Part of this, I think, is because I was a blogger first. I began blogging in 2006, long before social media became the huge thing it is today, and so I guess I felt a certain sense of dedication to it. And I do love being able to write posts like this or those which cover subjects in great depth. But interestingly the posts that tend to perform best on my blog are those which I don’t write many of (such as lists of recommendations like my YouTube Channels for Kids post and my Tried and Tested Cotton Yarns for Crochet post). Posts about my everyday or my spirituality and faith don’t really get much traction on the blog, and yet when shared on social media they do get interaction. So what would happen if I moved more towards using Instagram and Facebook as “mini blogs” and focused more time and energy on there?

This is something I hope to explore further during June and July as I work through a 6 week platform building bootcamp with Kara-Kae James. I have been following Kara-Kae ever since my pregnancy with Little Man in 2011, and so during that time I have seen her build up a hugely successful online ministry, publish several books, and launch a new podcast. So I cannot wait to learn more from her and dig deeper into my why and how and hopefully develop the kind of community spirit I’ve always dreamed of having for sharing my knowledge and experience of walking between worlds and mixing Christianity with more New Age practices. I am sure there must be an audience out there for this, but I have no idea how to reach them.

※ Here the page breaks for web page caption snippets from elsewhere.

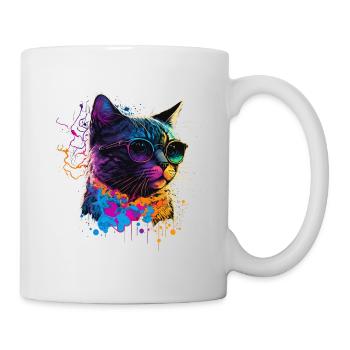 Bunte Katze - Tasse - Weiß - Rechts
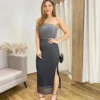 Vestido Midi Pérola de Tule com Bojo e Fenda Degradê Cinza - Fernanda Ramos Store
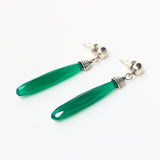 Green onyx faceted earrings with silver wire wrapped on sterling silver post style - Metal Studio Jewelry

One thing I did do was ask people who already follow me on Instagram and Facebook what kind of content they might like to see more of. One response was a deeper dive into the chakras, as so last week I started a new series working through the chakras one week at a time. Last week we did the root chakra and this week it’s the sacral chakra. I chose a key theme for each one, then looked at ways to support the chakra, crystals, and yoga poses too. I’m excited to see how the series develops.

Goodbye Thomas

The sad news this month for us is that our remaining guinea pig, Thomas, died a few days ago. We noticed on Thursday evening that he was just laying by his food bowl and didn’t look right at all. We decided to see how he was the next day, given it was hot and we wanted to see if he perked up. But her didn’t. He hadn’t touched his food, we couldn’t even get him to drink any water, and so we took him to the vet for an emergency appointment Friday morning. They said he has gut stasis and his heartbeat was very irregular, and gave us 3 types of medication to try. But sadly he passed away later that day. Guinea pigs have a tendency to suddenly go downhill like that, we’ve discovered. Percy, Thomas’ brother, died suddenly last Spring too. We are all very sad to have lost both of our piggies within a couple of years and will desperately miss the way they chatted away to us (or rather demanded food every time they heard the fridge door open!!)

Better financial insecurity

Finally, the biggest change this month has been that some of my inheritance money has come through, allowing us to clear our debt (which we got into when both Tim and I became too ill to work and the benefits system failed to support us – I’m still waiting for my PIP appeal 18 months and counting…) We’re also preparing to move out of our little council bungalow (freeing it up for somebody who really needs it, like we did 2 years ago) and moving into my uncle’s old house which my dad has inherited and from whom we will be renting. There’s a certain amount of uncertainty over when we can move, given lockdown and the fact we need help to move. But we’re slowly getting the odd boxes packed and letting my parents take them out to the new house to save doing it all in one big push once we’re finally able to get help to move.